If you capture at these high sizes, it might be easier to denoise your capture. But then again, it will also contain more noise.

good quality low-size capping:

If you have a "slow" pc, or you don't have much hard disk space, you have to choose a lower capture size. The recommended sizes are

device PAL (with vertical downsize) NTSC (with vertical downsize)

bt8x8 400x576 368x480

cx2388x 384x576 320x480

saa71xx 384x576 320x480

ati cards with theater chip 480x576 400x480

The reasons are explained in section 5.3. In all cases, you have to calculate the resize settings to be done at the post-processing level (as done in section 4.4 with final size 384x288 (PAL) and 320x240 (NTSC)).

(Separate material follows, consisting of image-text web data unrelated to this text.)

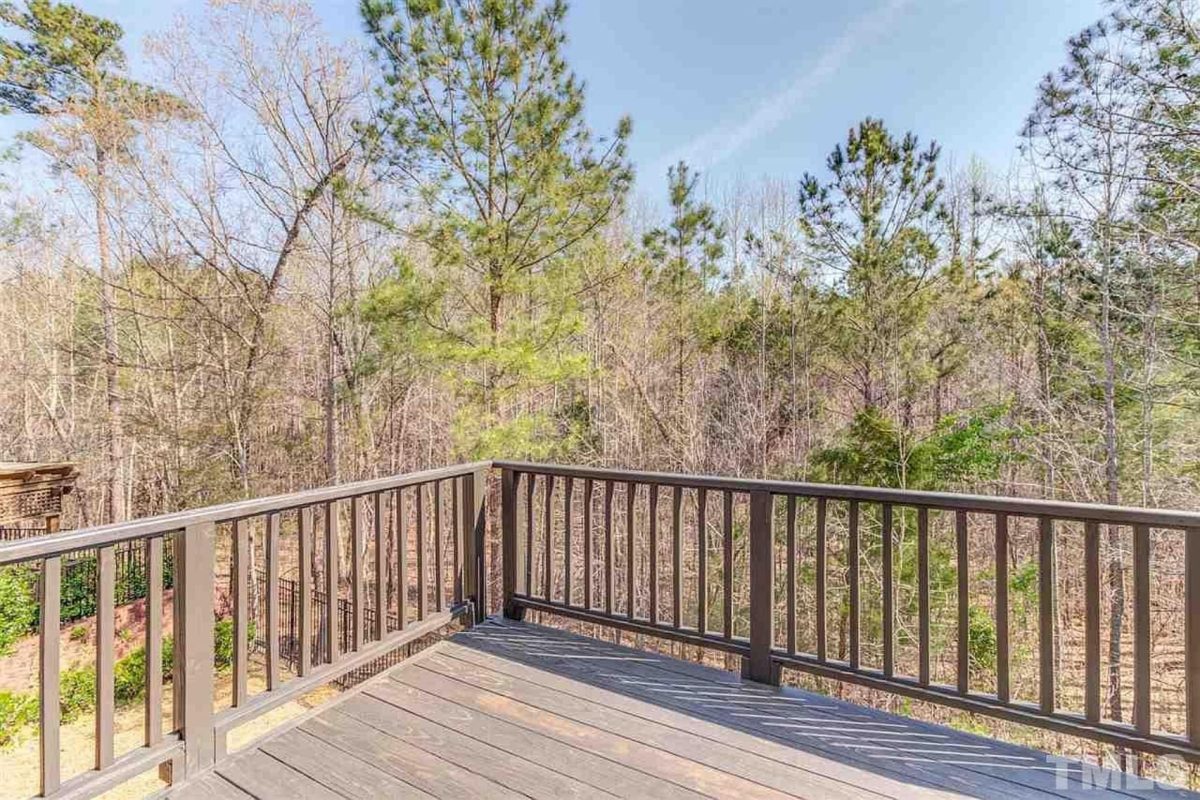 Charming Craftsman house Plan with Blueprint Designs & Features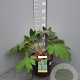 Tetrapanax papyrifer 'Rex' 40-60 cm 10L
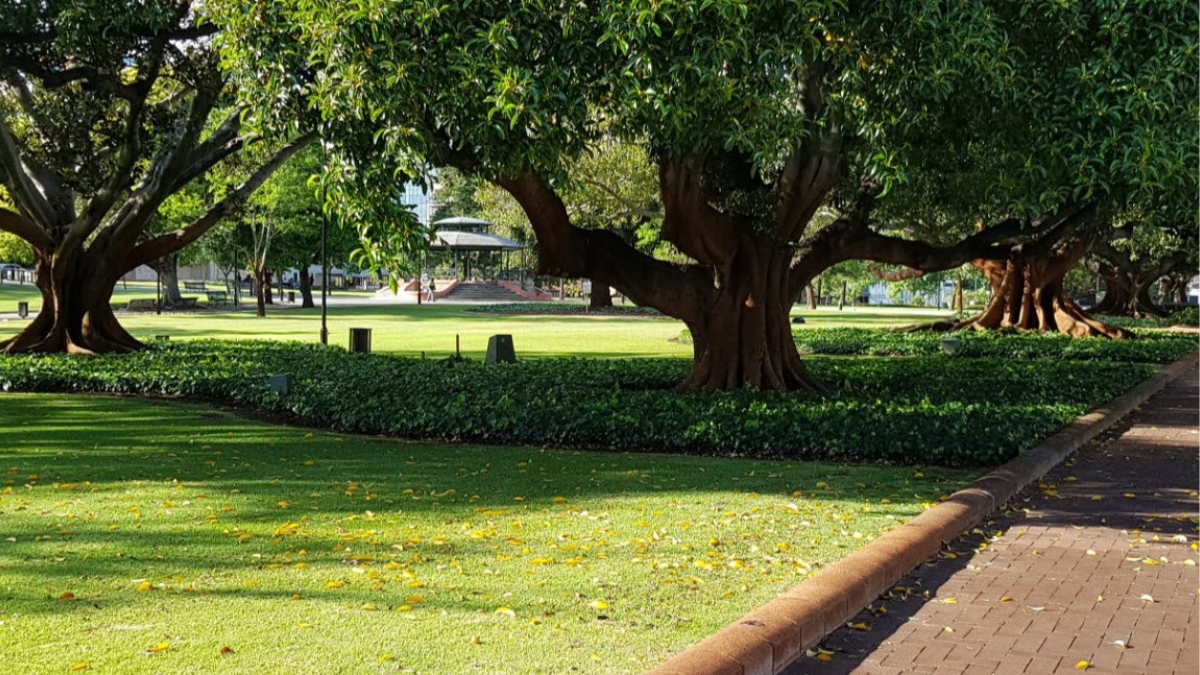 View of a Russell Square grassed area with the rotunda in the background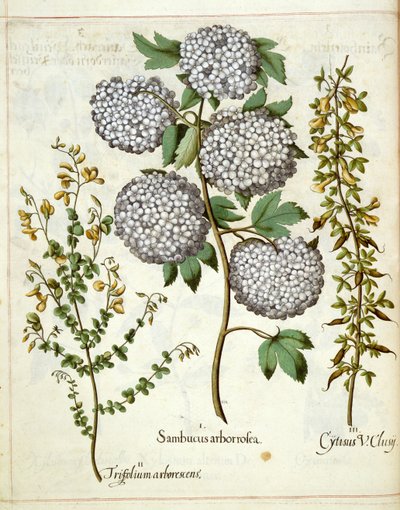 Sambucus, Trillium and Cytisus, from Hortus Eystettensis by Basilius Besler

Huffyuv/MJPEG (at 18 or 19): If you are using a mjpeg codec for capturing (at quality 18 or 19) and you want good quality, you should do that at high sizes. At lower sizes (SVCD or CVD) you should use Huffyuv instead.

4.4 Resizing

If you care to get the aspect ratio correct, and you capture at a standard size, resizing is almost always required. This is because capture card/driver combinations almost never capture exactly the complete picture but mostly either a bit too little or too much. In addition, they scale (instead of pad ⁽⁴⁾) to the size you requested. This means asking for a size such as 768, 720, 704, 640, etc almost always gets you a slightly distorted picture. If your application/driver allow for a custom capture size, you can simply capture the desired size for your card and skip this step. Regardless, you will have to calculate the 'correct' size. Your destination size should be divisible by 16, since motion estimation uses 16x16 pixel sized macroblocks. It is assumed that your device captures 576 lines for PAL and 480 for NTSC. That's right, all devices crop six NTSC lines to get 480 lines ⁽⁵⁾.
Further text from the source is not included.